Rise of an Empire tells the story of Themistocles (Sullivan Stapleton) an Athenian General who, 10 years prior to Leonidas’ heroic defeat, killed the then-king Darius with a single arrow to the heart. Darius’ final words to his son, Xerxes, is that “only the gods could defeat the Greeks”. Xerxes is then manipulated by Artemesia (Eva Green), who twists the king’s last words from a message about the futility of war to a laying down of a guantlet, leading Xerxes to become a “God King” via supernatural means.  10 years later, Artemesia and Xerxes are still hellbent on crushing the Greek rebellion and so Themistocles must lead a hastily assembled army to try and face off against overwhelming odds. The main thrust of the plot is solid enough, concentrating on the historic battles of Marathon and Salamis, although the constant flashbacks and flashforwards muddy up what should be a simple tale. Sullivan Stapleton is fine as Themistocles, although the film has a big Gerard Butler shaped hole that Sullivan struggles to fill. It’s not his fault, however, as the writing is slapdash and not particularly interested in giving him any real depth. Eva Green is the film’s saving grace. Artemesia is fascinating. She’s a proper ladybastard who connives, manipulates and schemes her way into commanding the Persian forces. Green manages to rise above the terrible dialogue and walks away with the film tucked under one arm.
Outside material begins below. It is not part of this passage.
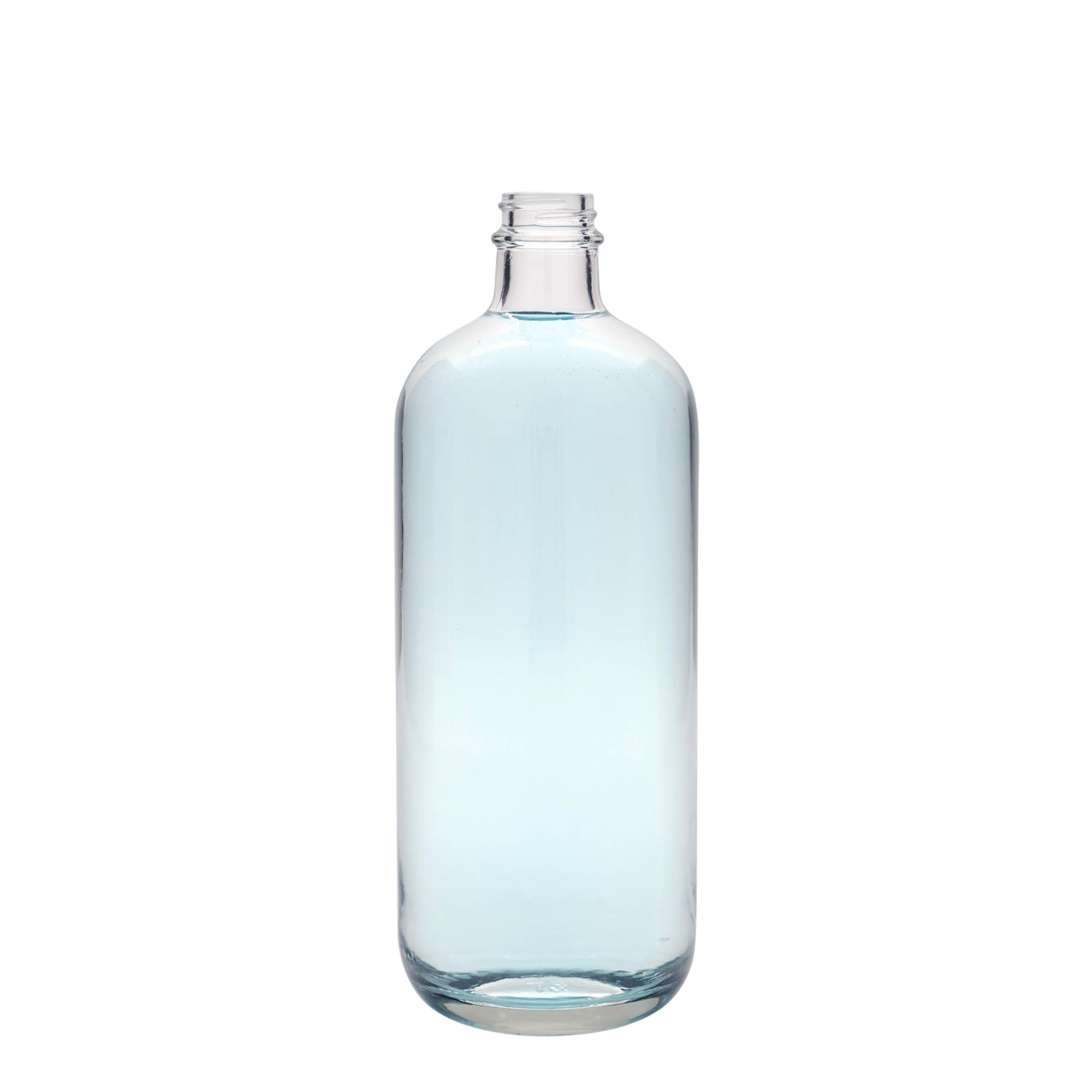 Bouteille en verre 700 ml 'Lotto', bouchage: GPI 28 Bouteille en verre 700 ml 'Lotto', bouchage: GPI 28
I think my main problem with Rise of an Empire is how desperate it seems to tie itself to the original film rather than concentrating on telling its own story. Yes, Leonidas and the 300’s defeat was meant to inspire and prove that you could make a God bleed, but the film can’t stop itself from trying to legitimise itself as a sequel. Themistocles visits Sparta before, during and after Leonidas’ demise and no real plot relevant stuff happens. Both Queen Gorgo (Lena Headey) and Dilios (David Wenham) return, but it all feels concessionary. There’s one visit to Sparta where Themistocles happens to pop by when Leonidas and his men have just nipped out to see the Oracle which ends up being unintentionally funny. Plus, there’s one awful callback line to the infamous “this is Sparta” messenger kicking that made me physically cringe so hard I swear I heard a couple of my ribs crack.
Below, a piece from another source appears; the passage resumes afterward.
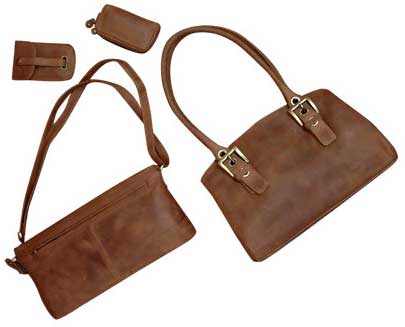 Ladies Leather Handbags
Not being directed by Zack Snyder, the film’s visuals struggle too. 10 minutes into the film, something felt off. Turns out Snyder’s way with the camera is a tough style to imitate. On the surface it’s all there- slow motion shots of blood being spilled, endless “cool” and dynamic shots of stuff, but director Noam Murro doesn’t have the natural flair for it that Snyder does. Some sequences, like a massive battle at sea, look quite pedestrian and normal despite all the slow motion and dynamic camera movements. Don’t get me wrong, the film looks fine and there are some cool moments but on the whole it’s missing a certain something. I’ve always said that Snyder has a great eye for visuals and Rise of an Empire proves this. The film feels like a 300 imitator. It reminded me of the Spartacus TV series, albeit with a much bigger budget.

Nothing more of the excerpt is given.